# Chicken coop conversion with pic?



## WildFlush (Feb 17, 2010)

Okay, so I have been lurking and searching some past threads to the point where I feel I might be ready to ask a half way informed question. Well, maybe...

So here's the deal. I want to get 6-8 homers for a family fun project with my 6 year old son. He's really fired up about the idea. We're not looking to do any racing or long distance stuff. Just a little hobby and a chance for him (and me) to learn something. I have never raised any kind of bird before. 

I picked up a small chicken coop that I'm going to convert to a loft. The goal here being to keep it low cost and use existing material. The building is 4'x4' and 5' tall. It has a "man door" and a fairly large window. The roof is shingled and the floor is 3/4" plywood. Here's a pic.

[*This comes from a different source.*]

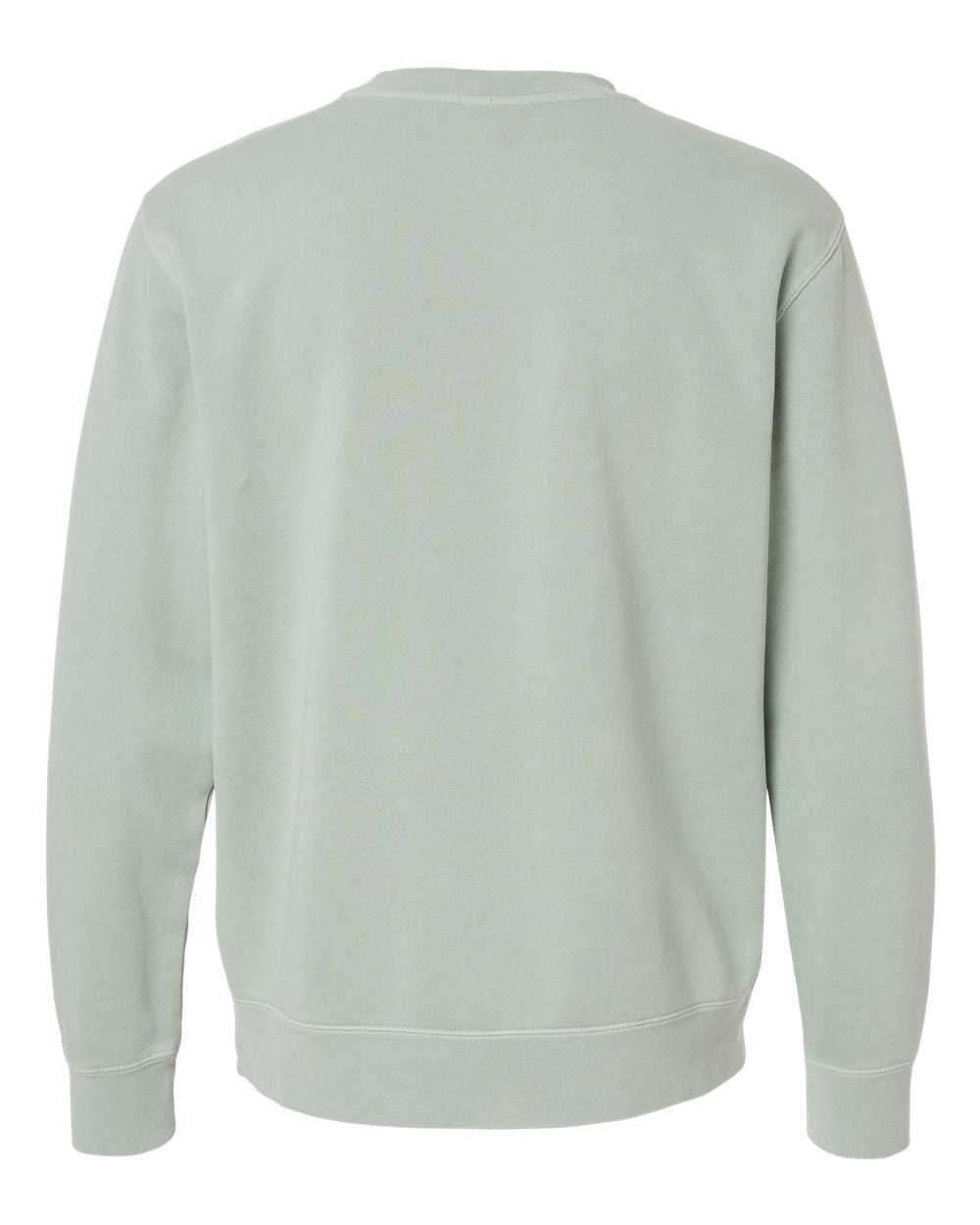 Independent Trading Co. Midweight Pigment-Dyed Crewneck Sweatshirt PRM3500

Here's my plan. I'm going to place it in the back yard with the window facing South for max light/warmth. I will add some 1/4" hardware cloth over the window so that I can keep it open in the summer (I live in Michigan). Opposite the window, (N side) I'm going to cut a hole to an aviary. I will likely use similar hardware cloth for the aviary. I'm thinking 3' off the ground, and 4'x4'x4'. I will also add a small access door on the aviary from which I can fill a feeder (I will cover the feeder with a small piece of particle board).

Next to the aviary, I'm going to cut a hole for a "trap door" with bobs that will allow the homers back into the loft, but not out. I will also 

Inside the loft I'm just planning to rip some 2x4s to about six inches and screw them to the walls for perches. Maybe if I have some success I will consider adding a nesting box at a later date. I will also add a small shelf with a water dish and grit pan. I know I'm going to have to provide fresh water at least daily due to our cold winters.

Questions:

1) Can I leave the door to the aviary open 24/7? Or should I close it off at night to keep out the cold?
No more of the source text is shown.